Der 23-jährige Georg Philipp Telemann übernimmt im September 1704 das Amt des Organisten und Musikdirektors der Leipziger Neuen Kirche. Diese ist unabhängiger von den Hauptkirchen St. Thomas und St. Nikolai. Seine Neue Kirche wird nicht regelmäßig vom Thomaskantor und den Thomanern betreut und bespielt.
Telemann muss für die Gottesdienste an seiner Kirche oft selbst Musik und Gesang organisieren. Mit unglaublichem Geschick etabliert er eine unabhängige Institution im Musikleben der Messestadt, das Collegium Musicum. Die neue Situation wird für den amtierenden Thomaskantor Johann Kuhnau – den Vorgänger Bachs – fatal, denn etliche seiner bisherigen musikalischen Helfer wechseln die Seite, ist doch die Neukirchenmusik viel agiler, moderner. Und vor allem ist sie auch finanziell lukrativer.

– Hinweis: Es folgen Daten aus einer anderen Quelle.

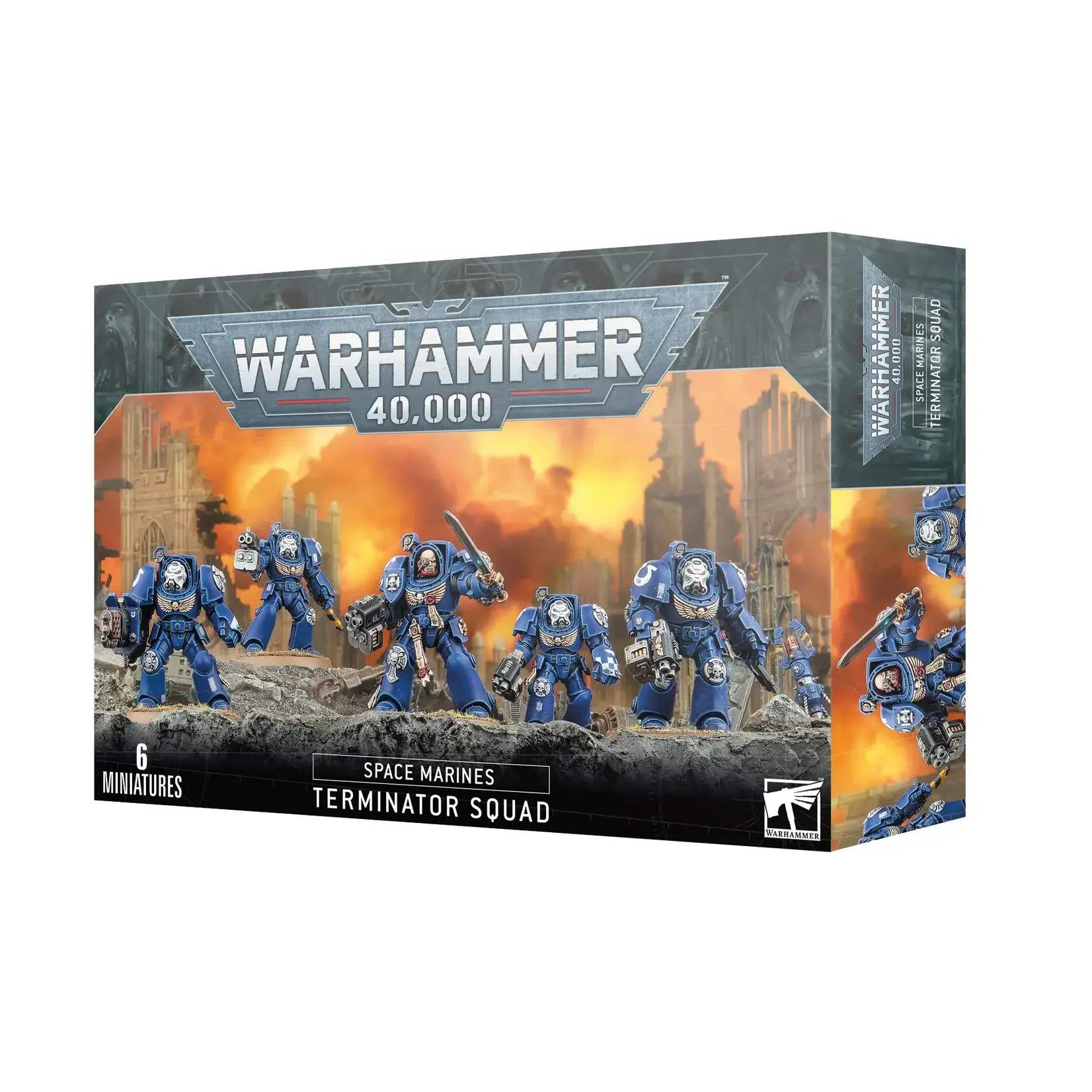 Games Workshop Warhammer 40000 Space Marines Terminator Squad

Musikästhetische Kontroverse
Erfolglos beklagt der Thomaskantor "Das wilde Opernwesen" im benachbarten Gotteshaus. Doch seine Gesuche an den Leipziger Rat bleiben erfolglos. Die Neukirchenmusik bleibt eine autonome Musikinstitution, was in späteren Jahren selbst für Johann Sebastian Bach nicht ohne Folgen sein sollte.
Denn in der "Neuen" erklingen vor allem Werke der jüngeren Komponistengeneration, auch die eines Johann Adolph Scheibe. Der kritisiert zudem lauthals und undiplomatisch Bachs Kompositionsstil und löst damit eine länger andauernde, musikästhetische Kontroverse aus.